Instructions for the task ::
Using only the entries below, copy exactly the lines that begin at the one with "Japanese To Odia Translator Screenshot 0" and end at the one with "瑞奇ricky个人资料真名", both included. Drop the pictures.

Listed entries ::
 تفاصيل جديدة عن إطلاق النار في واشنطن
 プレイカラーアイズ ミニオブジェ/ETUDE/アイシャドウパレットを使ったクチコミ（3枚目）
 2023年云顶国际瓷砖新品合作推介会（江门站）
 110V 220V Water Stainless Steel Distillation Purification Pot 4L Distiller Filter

...

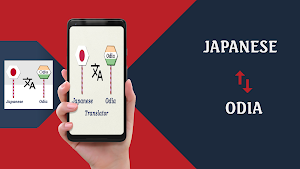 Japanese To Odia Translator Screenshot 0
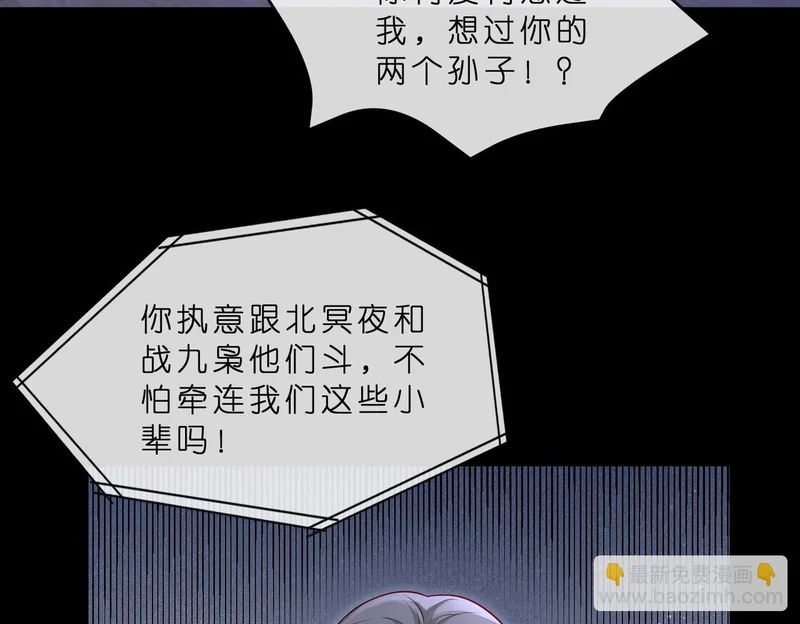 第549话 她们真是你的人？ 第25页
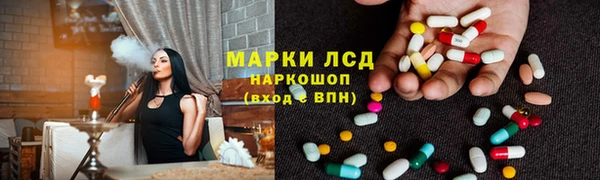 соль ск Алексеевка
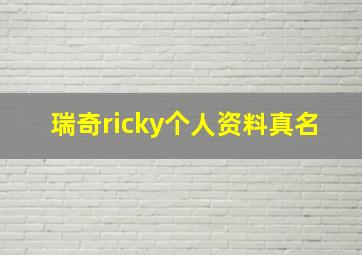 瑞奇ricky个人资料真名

...

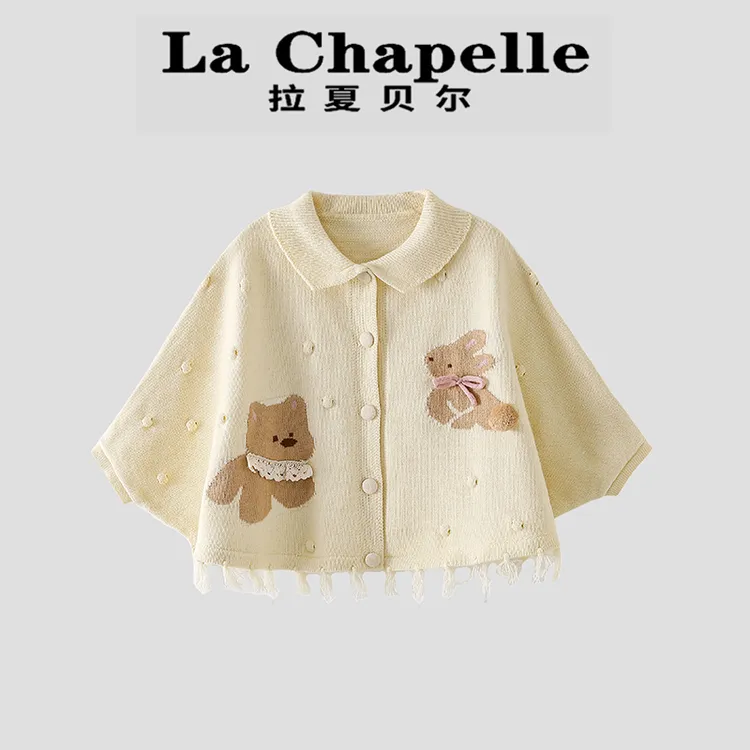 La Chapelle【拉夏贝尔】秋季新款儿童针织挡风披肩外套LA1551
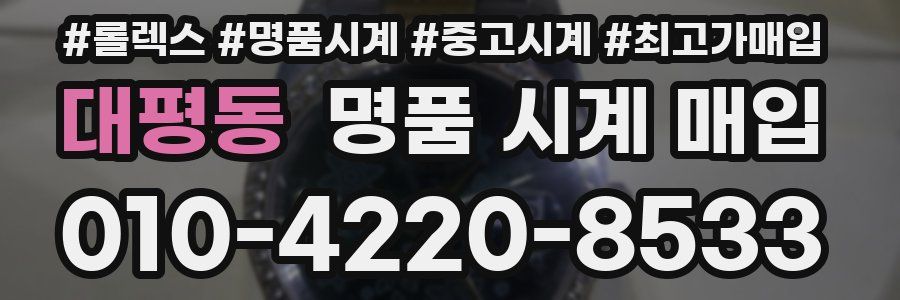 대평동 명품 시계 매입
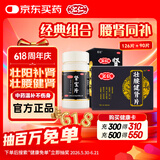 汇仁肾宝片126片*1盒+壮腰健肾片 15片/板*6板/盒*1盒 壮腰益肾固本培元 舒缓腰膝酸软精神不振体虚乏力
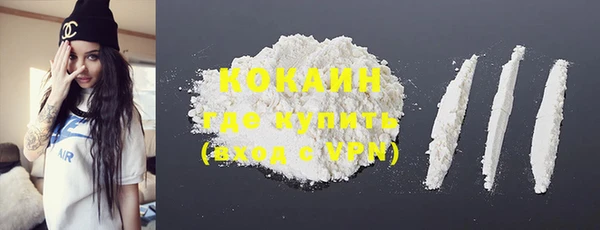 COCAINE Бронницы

Task response ::
 Japanese To Odia Translator Screenshot 0
 第549话 她们真是你的人？ 第25页
 соль ск Алексеевка
 瑞奇ricky个人资料真名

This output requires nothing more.